Linear Inequalities Project!
Due in Class on _____________

You are going to open your own store. However, you need to get a business partner in order to get
enough money to get your store running. To show your potential partner your business qualifications, you will
show her the process you go through when stocking your products. You are currently trying to decide how
much of product A and product B you want to buy. Product A takes up less space than Product B, but it also
yields a smaller profit. Note: Assume that there will be no problem selling any amount of either product.

You will need to name your store and decide what you want to sell. Product A and Product B will be of
your choosing (name and describe each product). You will need to decide on a reasonable amount of space that
each product will take up in your store. You will also need to assign an appropriate amount of profit for each
product that you sell. Given those amounts of profits for each product and keeping in mind that you have 600ft3
to store those products, how much do you want to make each month in profit from those products? Write two
inequalities to represent your constraints and explain what they represent. Graph the inequalities and label all
important points and axes.

For the final portion of this project, I would like you to reflect on the work you’ve done. Why was the
use of a system of linear inequalities necessary for this problem? What do you think about the assumption I
asked you to make (at the end of the first paragraph)? What other factors would influence the person’s decision
to become your business partner? Pretend you are receiving this proposal; would you want to invest in the store
if you were in their place? What other costs will come into play if you were really opening up your own store?
What is your favorite thing about your store or presentation? Is there anything you would have liked to have
done differently?

****You will give a short (2-3 min) presentation of your project after you turn it in.****

Due in Class on: _____________
Turn this paper in with your project.

	Fails to Meet (F)	Approaching (C)	Meets (B)	Exceeds (A)
Description of Store and Products 15%	There is no description of the store or products. Profits and the amounts of space needed for each product are given, but none of the amounts are reasonable	There is a weak description of the store and products. Profits and the amounts of space needed for each product are given, but none of the amounts are reasonable.	Description of store and products is weak. Profits and the amounts of space needed for each product are given and at least two of the amounts are reasonable.	Description of store and products is thorough.
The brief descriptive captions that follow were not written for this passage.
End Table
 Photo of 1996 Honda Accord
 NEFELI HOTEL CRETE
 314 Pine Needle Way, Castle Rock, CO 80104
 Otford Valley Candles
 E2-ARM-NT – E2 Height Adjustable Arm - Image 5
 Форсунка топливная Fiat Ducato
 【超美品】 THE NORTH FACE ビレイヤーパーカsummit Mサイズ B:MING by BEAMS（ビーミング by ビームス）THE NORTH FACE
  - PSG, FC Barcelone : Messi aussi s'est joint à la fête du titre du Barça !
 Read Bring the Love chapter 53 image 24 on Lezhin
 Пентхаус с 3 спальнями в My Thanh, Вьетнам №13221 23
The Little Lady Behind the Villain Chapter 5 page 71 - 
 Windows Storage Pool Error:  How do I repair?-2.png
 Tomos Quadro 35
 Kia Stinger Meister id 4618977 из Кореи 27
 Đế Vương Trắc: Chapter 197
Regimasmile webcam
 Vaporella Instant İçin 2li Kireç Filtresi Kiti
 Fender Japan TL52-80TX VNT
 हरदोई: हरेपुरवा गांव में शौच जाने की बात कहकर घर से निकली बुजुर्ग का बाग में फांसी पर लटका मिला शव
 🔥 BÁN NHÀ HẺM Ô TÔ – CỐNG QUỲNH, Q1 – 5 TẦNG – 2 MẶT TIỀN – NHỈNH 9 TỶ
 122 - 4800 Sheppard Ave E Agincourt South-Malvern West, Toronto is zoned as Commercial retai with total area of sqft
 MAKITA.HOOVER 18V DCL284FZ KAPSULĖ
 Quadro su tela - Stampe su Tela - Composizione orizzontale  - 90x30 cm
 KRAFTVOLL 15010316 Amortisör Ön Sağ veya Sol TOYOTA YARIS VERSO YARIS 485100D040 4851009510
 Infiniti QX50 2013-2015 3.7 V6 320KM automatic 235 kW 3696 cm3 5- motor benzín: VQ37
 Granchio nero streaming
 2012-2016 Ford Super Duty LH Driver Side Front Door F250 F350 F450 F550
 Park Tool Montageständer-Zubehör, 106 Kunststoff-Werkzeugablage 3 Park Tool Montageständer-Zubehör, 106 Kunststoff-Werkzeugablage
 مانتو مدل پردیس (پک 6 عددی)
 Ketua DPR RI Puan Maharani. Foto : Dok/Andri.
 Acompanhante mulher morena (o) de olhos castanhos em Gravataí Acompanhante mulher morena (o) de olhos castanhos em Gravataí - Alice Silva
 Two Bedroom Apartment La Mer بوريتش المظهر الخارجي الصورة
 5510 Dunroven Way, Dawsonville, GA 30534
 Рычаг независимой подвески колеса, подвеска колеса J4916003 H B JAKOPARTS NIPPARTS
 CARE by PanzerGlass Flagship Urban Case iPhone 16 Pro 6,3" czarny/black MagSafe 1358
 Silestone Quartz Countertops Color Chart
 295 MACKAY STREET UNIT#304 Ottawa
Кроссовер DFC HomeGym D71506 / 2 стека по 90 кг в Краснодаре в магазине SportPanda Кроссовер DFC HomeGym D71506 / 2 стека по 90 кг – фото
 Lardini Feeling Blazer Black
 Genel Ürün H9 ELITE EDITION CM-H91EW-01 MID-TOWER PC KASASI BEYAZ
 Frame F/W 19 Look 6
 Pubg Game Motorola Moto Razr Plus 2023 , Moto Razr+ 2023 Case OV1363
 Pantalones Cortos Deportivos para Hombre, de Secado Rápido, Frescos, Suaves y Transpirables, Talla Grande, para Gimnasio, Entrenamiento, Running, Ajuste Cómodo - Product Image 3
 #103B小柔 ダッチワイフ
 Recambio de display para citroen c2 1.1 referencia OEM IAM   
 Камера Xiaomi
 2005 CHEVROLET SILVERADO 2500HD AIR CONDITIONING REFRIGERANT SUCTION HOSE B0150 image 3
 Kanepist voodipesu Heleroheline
Profits and the amounts of space needed for each product is given and each is reasonable

Inequalities 35%	Inequalities for the space constraints and the profit are not written correctly and are not accurately explained.	Inequalities for the space constraints and the profit are written correctly, but are not explained accurately.	Inequalities for the space constraints and the profit are written correctly and are accurately explained.	Inequalities for the space constraints and the profit are written correctly and are accurately explained and elaborated upon.

Graphs 25%	Graph is not accurate or no important points or elements are labeled.	Graph is accurate, but not well drawn . Very few important points and elements are labeled.	Graph is accurate and easy-tounderstand. Most important points and elements are labeled.	Graph is accurate and easy-tounderstand. They look professional and are all important points and elements are labeled.

Reflection 25%	Very few or no questions are answered. Writing is not easy to read.	Only around half the questions were answered. Writing is mostly easy to read.	Most questions were answered and elaborated upon. Writing is easy to read.	All questions were answered and elaborated upon. Writing is very easy to read and grammatically correct.